The extremist group, however, did not shed any light on accusations by Yazidi lawmakers that it had executed at least 25 prisoners of the minority community in the northern city of Tal Afar.
The two car bombs in Baghdad went off about 10 minutes apart late Saturday in the Karrada district, known for its restaurants, cafes and ice cream parlours. Police said the dead and wounded were mainly shoppers and people commemorating the birth of Imam Ali, a key figure in Shiite Islam. Two traffic policemen were among those killed.
The online claim is similar to others the group has issued this past week about bombings in Baghdad, which they describe as revenge for the fighting in nearby Anbar province.

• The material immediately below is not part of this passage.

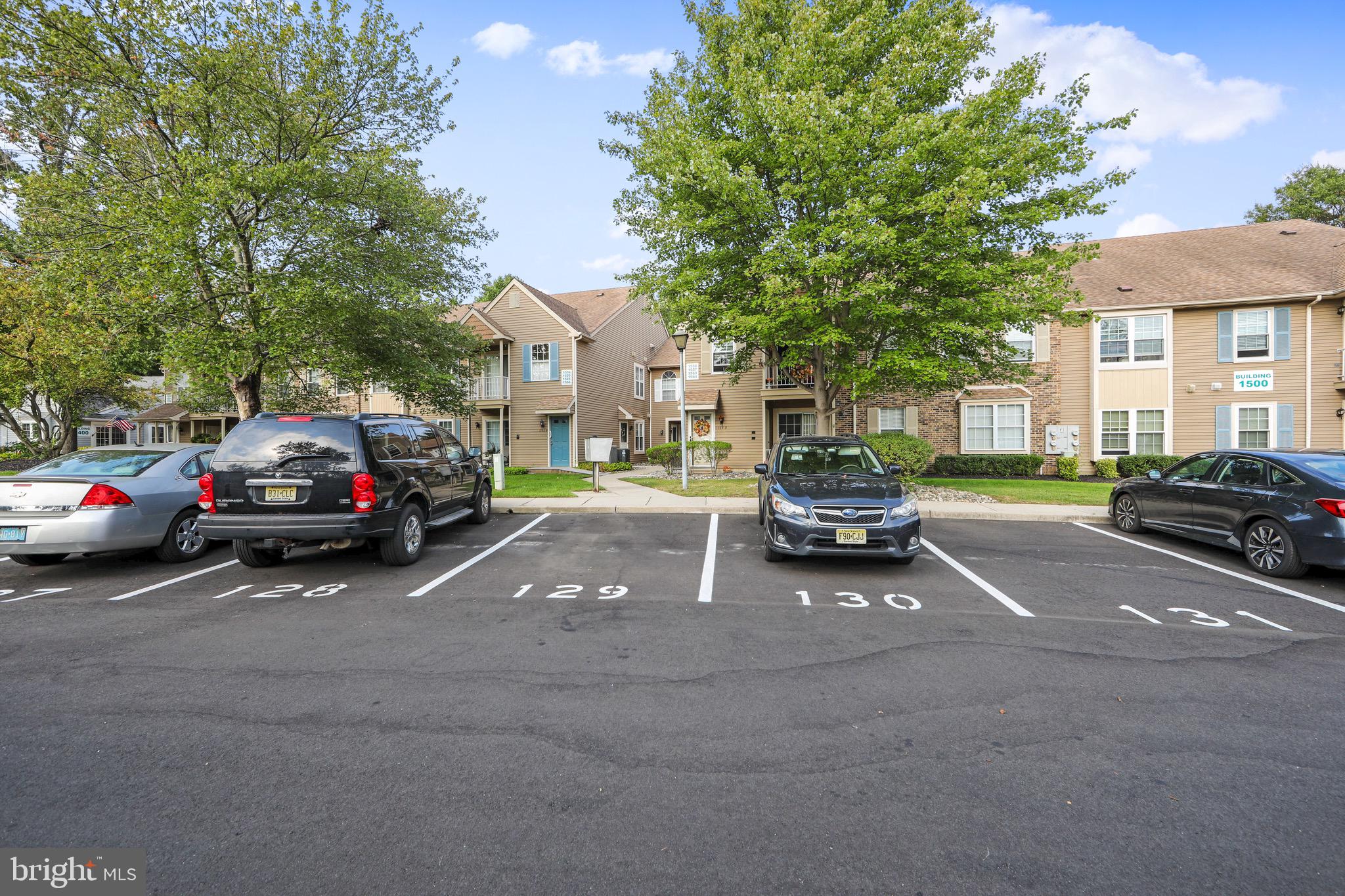 1558 THORNWOOD DRIVE B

Iraqi forces are engaged in a see-saw battle in Anbar against Islamic State militants, who control some 65 per cent of the province. The fighting has caused 114,000 residents of the regional capital to flee to Baghdad.
At the same time, there has been a major spike in car bombs in Baghdad over the past week, leading some Iraqi officials to claim that militants have infiltrated the capital by hiding among the displaced.
Yazidi lawmakers are meanwhile looking into reports of the killing of prisoners.
The Yazidis are tiny religious community that was directly in the path of the Islamic State when it swept through northern Iraq last year. Hundreds are believed to have been taken captive and the women sold to fighters as slaves.
The alleged killings took place at a prison camp near the town of Tal Afar, some 150 kilometres east of the Syrian border, legislator Mahma Khalil said. He said he believes some 1,400 other Yazidis are still held in the camp.